:: WHAT TO PRODUCE ::
Repeat all of the data word for word so that only the pictures are missing from the copy.

:: SOURCE MATERIAL ::
*-*-*

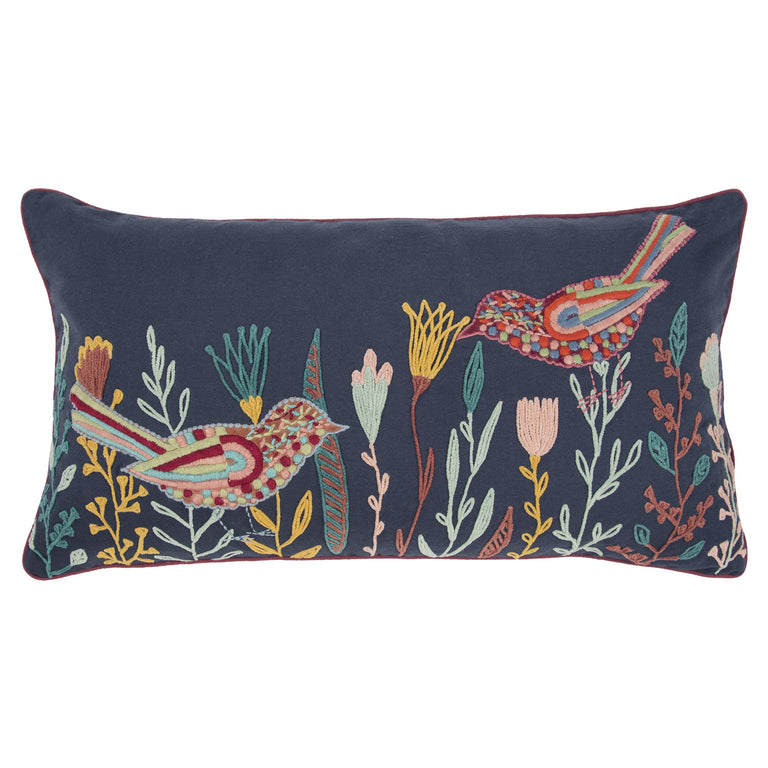 YELLOW BOTANICAL WITH BIRDS MODERN INDUSTRIAL PILLOW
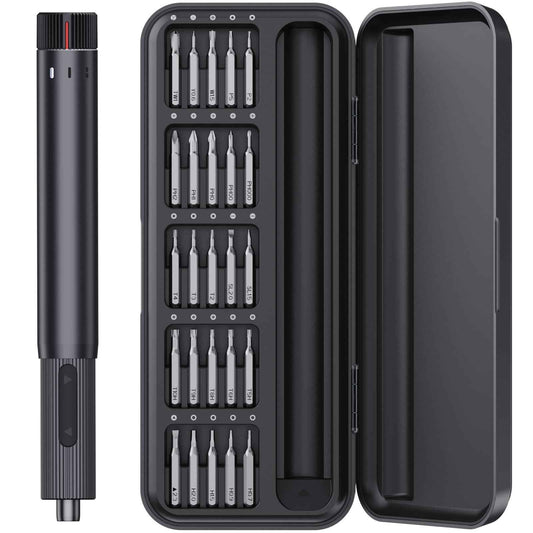 Mini Electric Screwdriver, Precision Screwdriver Set with 24 Magnetic Bits Rechargeable Magnetic Small Set for PC Building Electronic Phone Camera Laptop Watch Camera Repair Kit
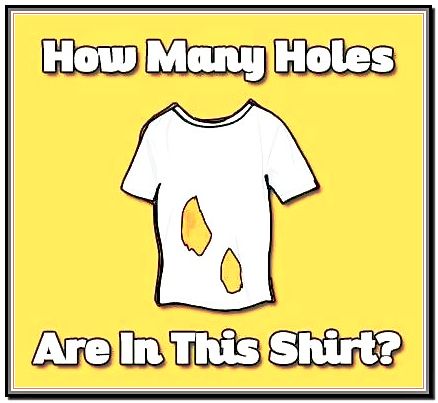 Don't make an easy mistake when counting the holes in this T-shirt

*-*-*

:: TASK OUTPUT ::
 YELLOW BOTANICAL WITH BIRDS MODERN INDUSTRIAL PILLOW
 Mini Electric Screwdriver, Precision Screwdriver Set with 24 Magnetic Bits Rechargeable Magnetic Small Set for PC Building Electronic Phone Camera Laptop Watch Camera Repair Kit
 Don't make an easy mistake when counting the holes in this T-shirt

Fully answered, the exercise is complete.